When I joined a MN ship after 23 yrs in the RN engineering branch I was surprised how little was known by the MN engineers on eg evaporating plants, density's etc. or on maintenance. I expect these remarks will result in a flood of denials. To show it works both ways ,in the RN we had electrical branch ratings & officers, so I was very unprepared for the 2nd Engineer to have resposibility for the electrics. While on the subject of electrics, it was my only failure when I sat for Chief's ticket. Every time I have had instruction in electrics it seemed to be all theory & no practical, at sea I needed to know how to fix things not design them,or am I biased?


----------



## Varley

I rather think that highlights one of the prominent failures of RN staff to integrate with a navy that sails on a Wednesday when asked. Specialisation and mission. All to do with a merchant ship is a service to moving the cargo without delay (certainly without delay that the charterer will complain of). The hull supports, the engine propels, the electrics support the engine (and lesser fleas have littler fleas.....). If the Plumber has so little understanding of the electrical auxiliaries (and, indeed, if the electrician has so little appreciation of the plumbing) that he cannot operate where the two interact he is missing a very useful tool, perhaps his most useful. I keep saying the learning that an E/O needs is not great but that little there is is essential (else I would be lost!). As for the application of that learning, that's down to character.

I remember a second leckie we had on Stonehaven from the RN. I am sure (from the way he talked anyway) that he could take a mark something-or-other torpedo apart and put it together again in the dark.
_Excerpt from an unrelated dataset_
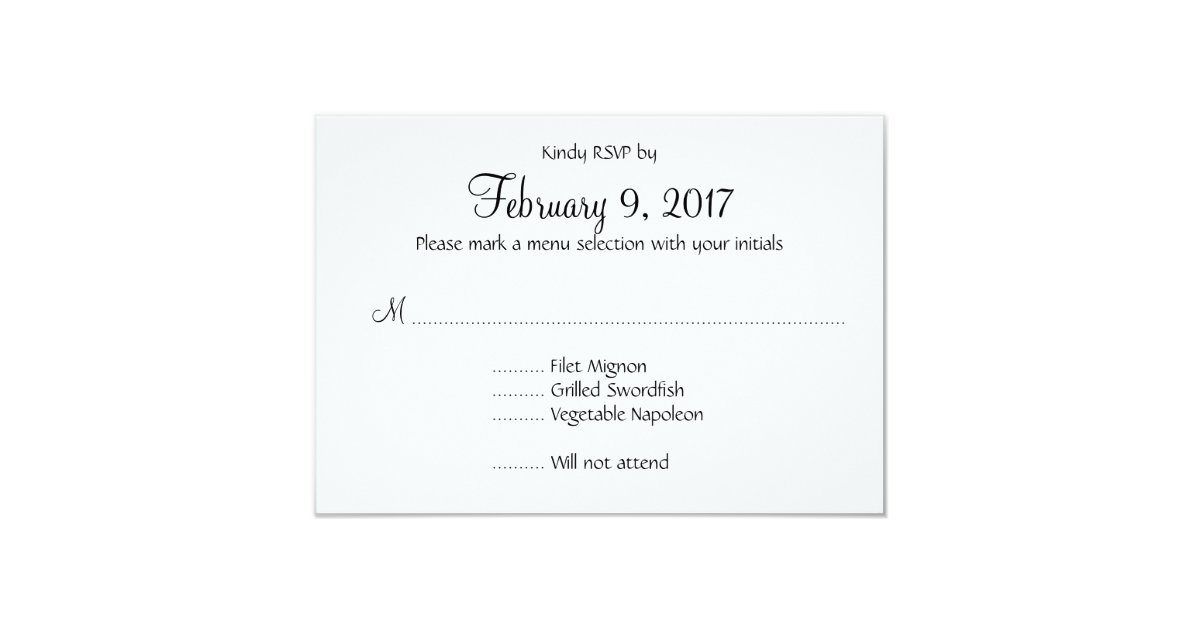 plain rsvp cards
Strange to say he had little opportunity to practice this skill onboard and he seemed to have no other. 

Every candidate's details who came across my desk for employment always had as fair a review as any other but the order of work was arranged with RN applications at the bottom in the expectation that I would find the better looking (not like that!) prospects first.

It's not so surprising the two navies appreciate different approaches. We think that it is very bad form to sink a competitor, by any means, there is even a UN regulator which legislates against the slightest denting or spillage. For you, however, it is almost raison d'etre.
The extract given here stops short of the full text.